1945—1955年德国画坛的领军人物、斯图加特艺术学院教授维利·鲍迈斯特(Willi Baumeister)将抽象画与具象画判定为不容置疑的高下之别:“抽象形式能够蕴含、保存或吸收真正的力量……人类精神的非具象表现朝向超验存在敞开着。具象表现总是或多或少黏附着土地的沉重,其震颤缺乏自由。”他的作品注重形式与色彩的清晰匀称,偏向于几何抽象主义。1959年举办的第二届卡塞尔文献展共展出326位艺术家的1770件作品,是对战后艺术的首次全面总结,抽象画是该展览的绝对主角,尤其美国抽象表现主义画家(包括波洛克的16幅画作)引起广泛关注。艺术史学家维尔纳·哈夫特曼(Werner Haftmann)在展览前言中将抽象艺术尊崇为自浪漫主义以来的第一种世界文化的典范,认为它“打破了由于语言、习俗、历史、种族、民俗的特性而导致的樊篱,建立了全人类所共同的自我认知”。
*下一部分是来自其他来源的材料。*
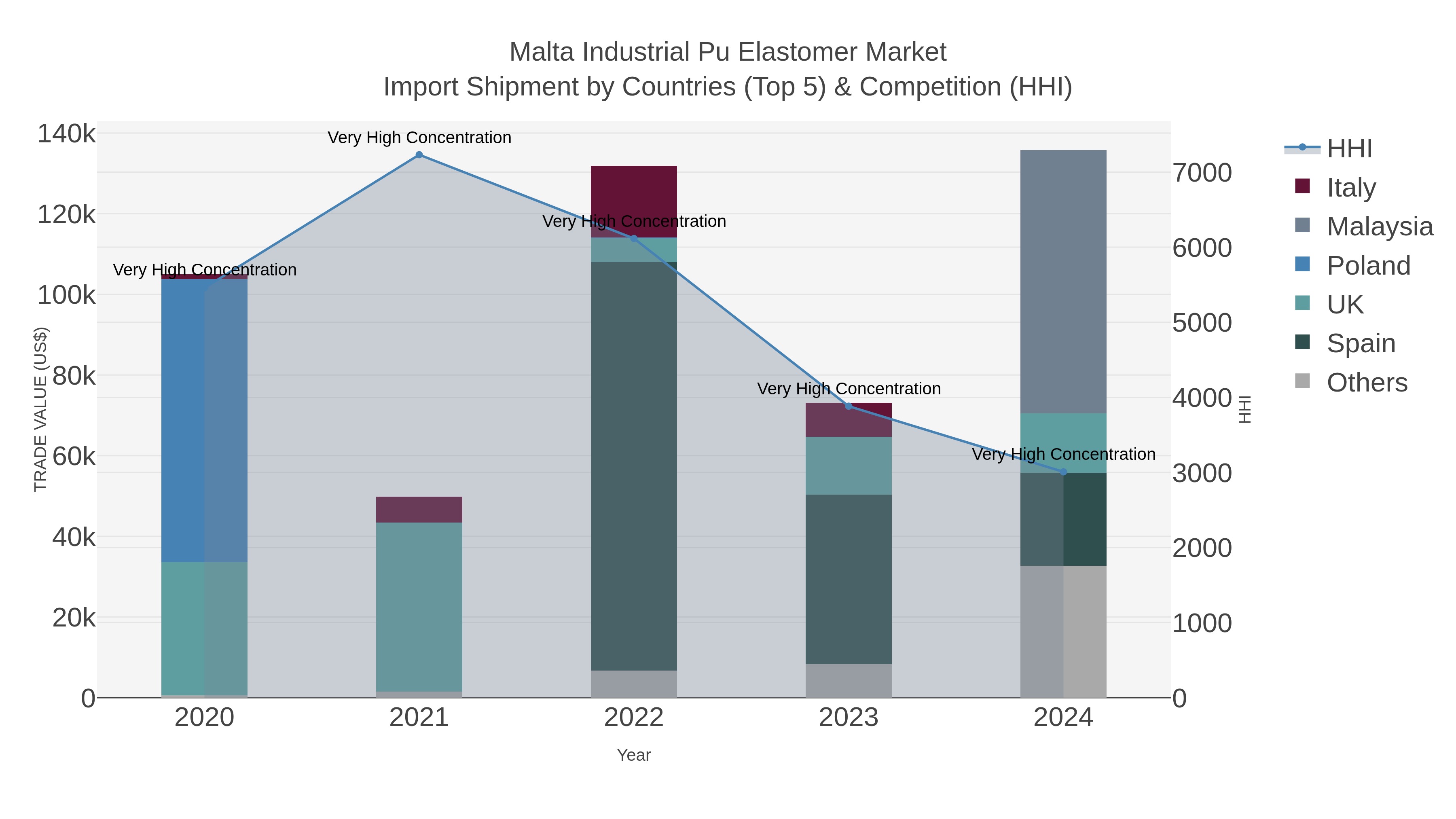 Malta Industrial Pu Elastomer Market Import Shipment by Countries (Top 5) & Competition (HHI)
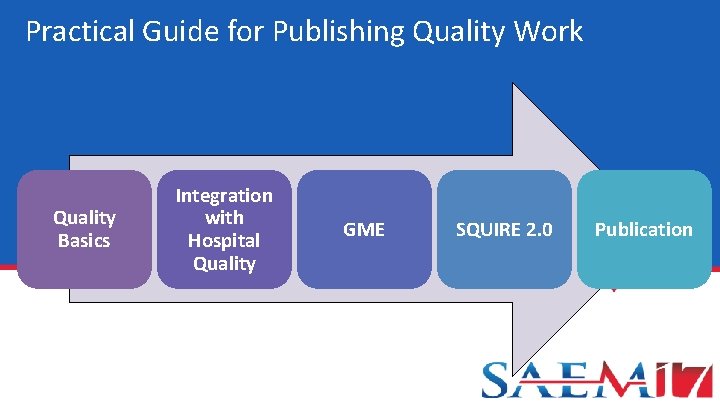 Practical Guide for Publishing Quality Work Quality Basics Integration with Hospital Quality GME SQUIRE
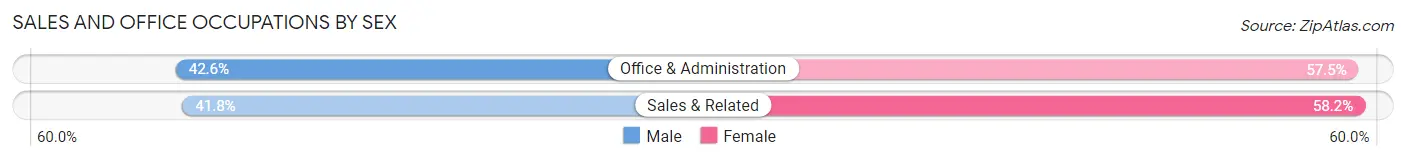 Sales and Office Occupations by Sex in Zip Code 77873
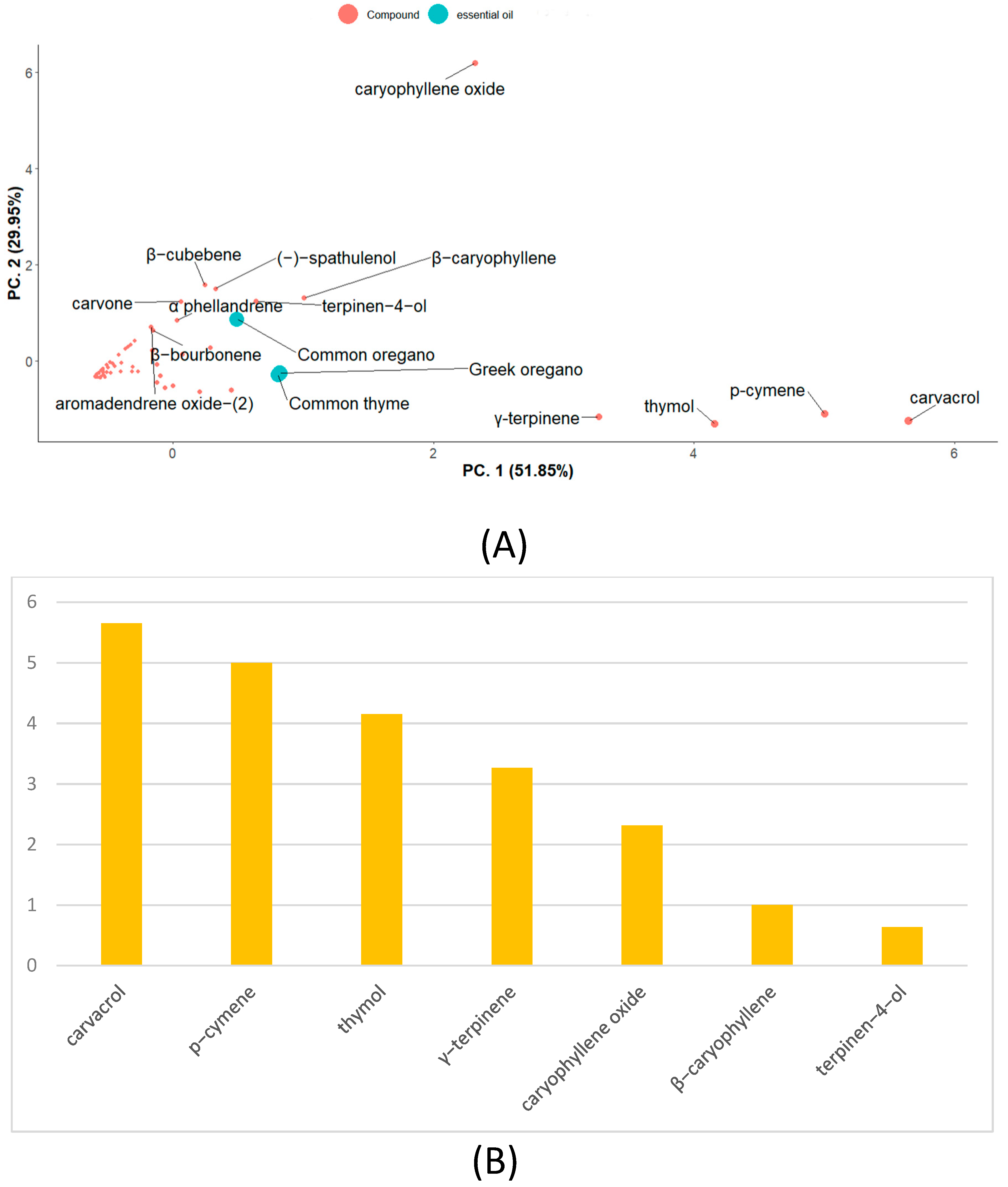 Molecules 29 04617 g002 Molecules 29 04617 g002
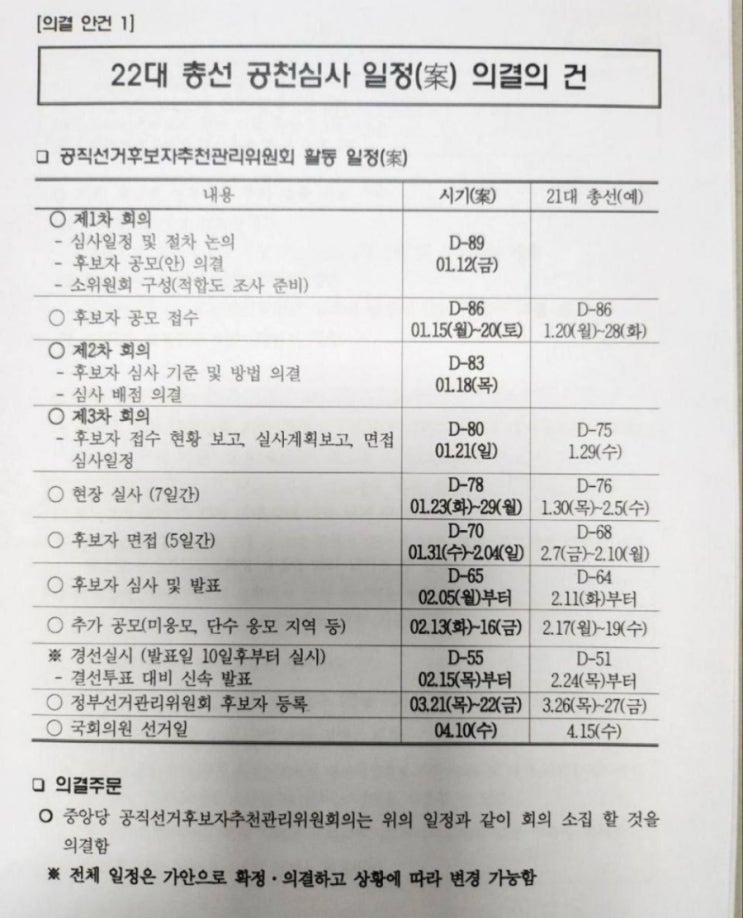 [여정현의 정책연구4만건]2024.4.10. 제22대 총선 국민의힘... 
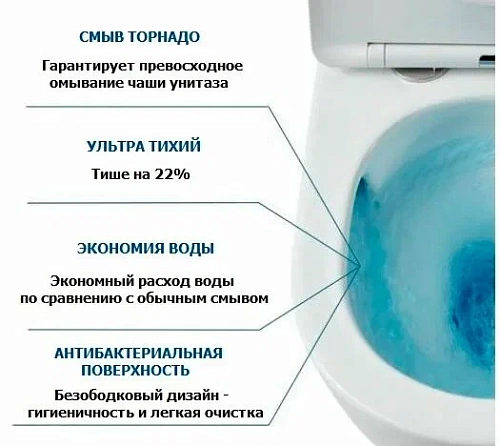Унитаз-компакт Cerutti SPA "MANLIO Tornado" безободковый сид.дюропл. м/лифт CT10618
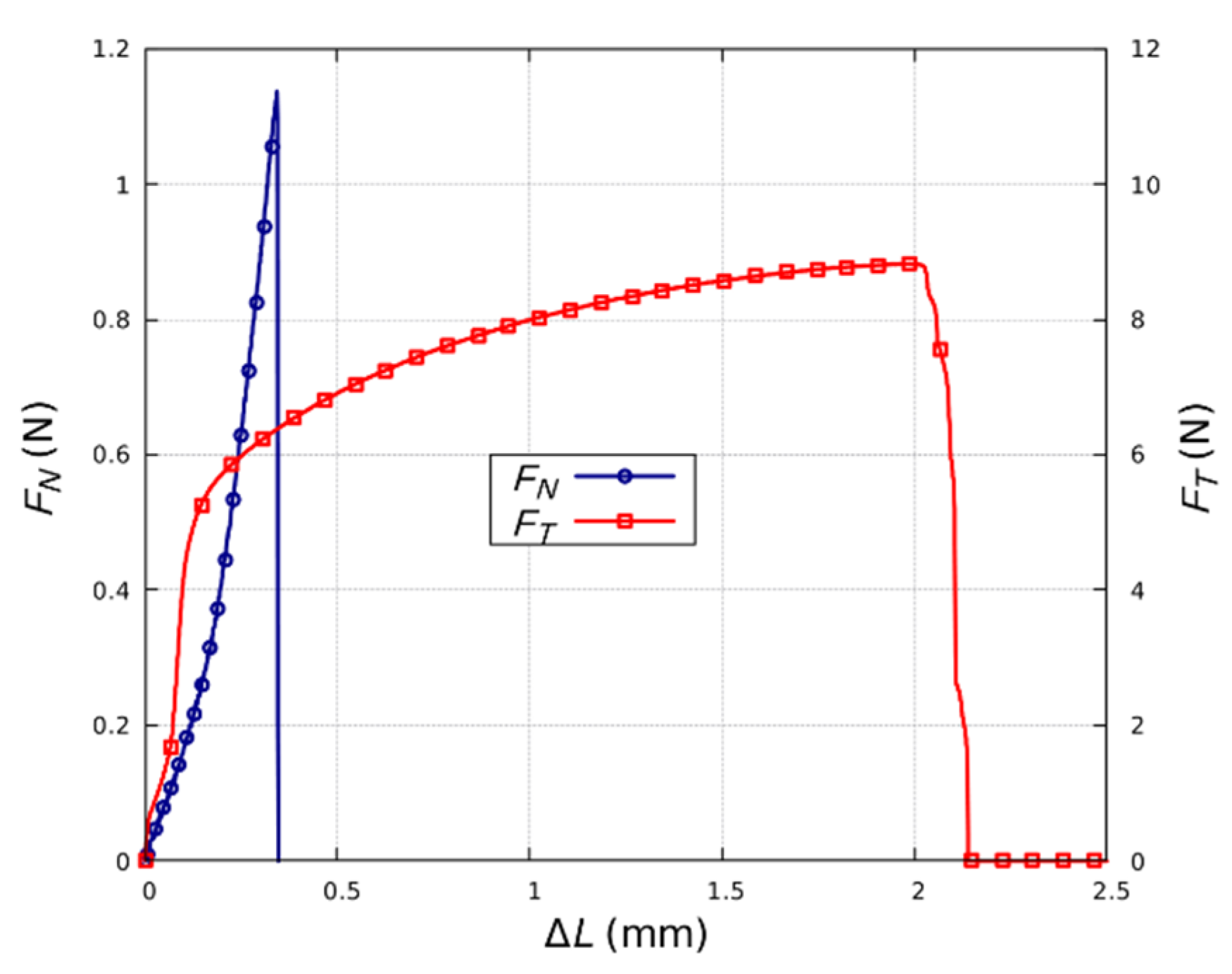 Sensors 21 04919 g011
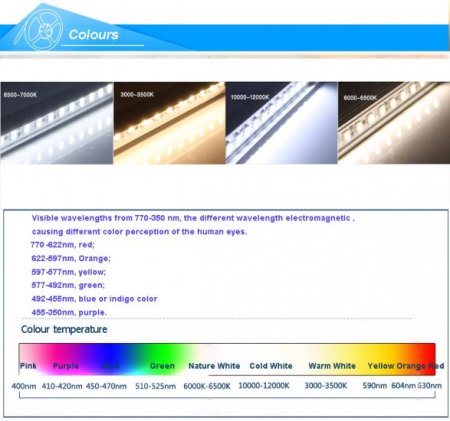 High Bright lights 5050 rigid led strip ,72leds/m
我们接着看西德最具代表性的四位抽象派画家的各一幅作品。在恩斯特·威廉·内(Ernst Wilhelm Nay)的油画《蓝色洪水》(Blauflut,1960)9中,冷色与暖色、厚重与轻灵的色彩巧妙地搭配在一起,色块花朵似乎处于前倾、上升或下沉的动势,组成无透视的装饰性图案。颜色在此不仅是关键性的表现手法,而且是主导性的构图元素。画家认为:“绘画即从色彩中形成画面,因为色彩是绘画的生命、原初性的表达,需要重新赢得原初性。”
9 恩斯特·威廉·内,油画《蓝色洪水》,1960
10 埃米尔·舒马赫,油画《特拉诺之十二》,1990
埃米尔·舒马赫(Emil Schumacher)的油画《特拉诺之十二》(Terrano Ⅻ,1990) 10充满棕色与蓝色的色彩对比,蓝色是缥缈透明、非物质性的颜色,棕色则是充满物质性、土地泥沙的沉重颜色,另外还有黑色、白色的色块线条,形式与色彩组成画面结构。
11 哈尔通,油画《无题》,1961
汉斯·哈尔通(Hans Hartung)的作品《无题》11飘摇轻灵,他将画面空间看作物理意义上的空间场,探寻充满力量和能量的笔触痕迹、纯粹的图像符号,被称作抒情表现主义的先驱之一。还有两位从事行动绘画的画家的作品,弗雷德·蒂勒尔(Fred Thieler)的油画《信号》(Signal,1960)和荣德尔伯格(K.R.H.Sonderborg)的作品《谱曲》(Komposition,1959)。
比起美国的行为绘画,这些作品从爆发力和表现力上逊色许多。抽象画主宰西德艺术创作三十多年,俨然成了新的正统与教条,直至20世纪80年代,艺术家一窝蜂从事抽象画的局面才开始有所转变。